Knowledge Quarantine
A structured holding area for information of uncertain validity. Epistemic honesty built into the architecture: the system knows what it doesn't know and handles uncertainty explicitly.
Integration Effects
Six ways distilled knowledge interacts with the world model:
- Illuminate - reveal existing but invisible connections
- Catalyze - trigger latent reorganization
- Reinforce - strengthen existing structure
- Ground - anchor abstract knowledge to reality
- Agitate - create productive tension
- Nucleate - seed entirely new understanding
The same knowledge can produce different effects depending on the model's current state.
Working vs. World Models
The world model is the persistent, comprehensive truth. Working models are distilled out of it for specific contexts, in operational (stable, efficient) and learning (living, expanding) varieties. Assembly is instinctual, not deliberate.
The Two Tracks
Track A
The Agnostic Learning Framework
A universal theory of learning and knowledge representation, independent of substrate. This framework models how any learning intelligence, biological or artificial, distills raw information into a structured, dimensional world model. Pure theory, cognitive science, and epistemology.
Track B
The AI Architecture
The translation of the agnostic framework into a concrete, implementable architecture for artificial general intelligence. Identifying candidate technologies and computational primitives that may look nothing like conventional neural network architectures.

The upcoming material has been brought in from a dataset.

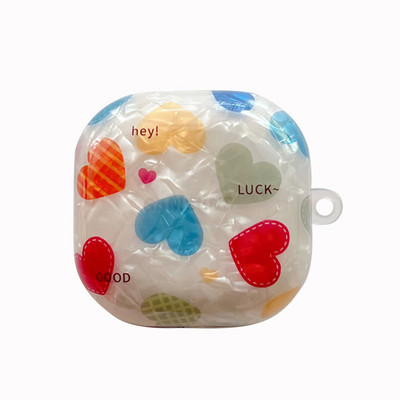 kreativni sunflower meka zaštitna torbica za Samsung Galaxy Buds Pro/Live/2 Anti-Fall torbica za slušalice za Galaxy Buds Pro Cover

What This Framework Claims
- Understanding is structurally different from pattern matching and requires different mechanisms
- Knowledge integration must be structural, maintaining explicit relationships and dependencies
- Grounding, the connection between symbols and what they represent, is a foundational requirement
- Conflict resolution must be explicit, not implicit; the system should know when it's confused
- Coherence, not accuracy on benchmarks, is the organizing principle of genuine understanding
- A system built on these principles would be fundamentally different in architecture from current LLMs
What It Does Not Claim
- To have a complete implementation; this remains theoretical
- To have solved the grounding problem, which may be the hardest open question in AI
- That current AI systems are useless or that pattern matching isn't valuable
- That consciousness is required for understanding (the framework is agnostic on this)
- That this approach will definitely work; it's a set of hypotheses that need testing
- To be replicating the human mind; human cognition is the starting point, not the destination
Where It's Going
The work ahead follows a natural progression, where each phase has value independent of whether the next one happens.
- Continued refinement: sharpening definitions, filling gaps, stress-testing the internal logic.
- Engaging the literature: not to seek validation, but to seek information. Understanding what's been tried, what's been proven, what's been abandoned and why.
- Technology exploration and experimentation: looking beyond conventional neural network architectures for computational primitives that could serve structural integration and coherence maintenance, and isolating individual mechanisms from the framework to test independently.
- Implementation, if the evidence supports it, with the working assumption that a system built on structural understanding would be orders of magnitude smaller and more efficient than current LLMs.
Every phase produces something of value regardless of what comes next. Much of what is carefully architected on paper may simplify dramatically in implementation, as concepts turn out to be natural emergent properties of a working system. There is no scenario in which this work is wasted. Each step must earn the next.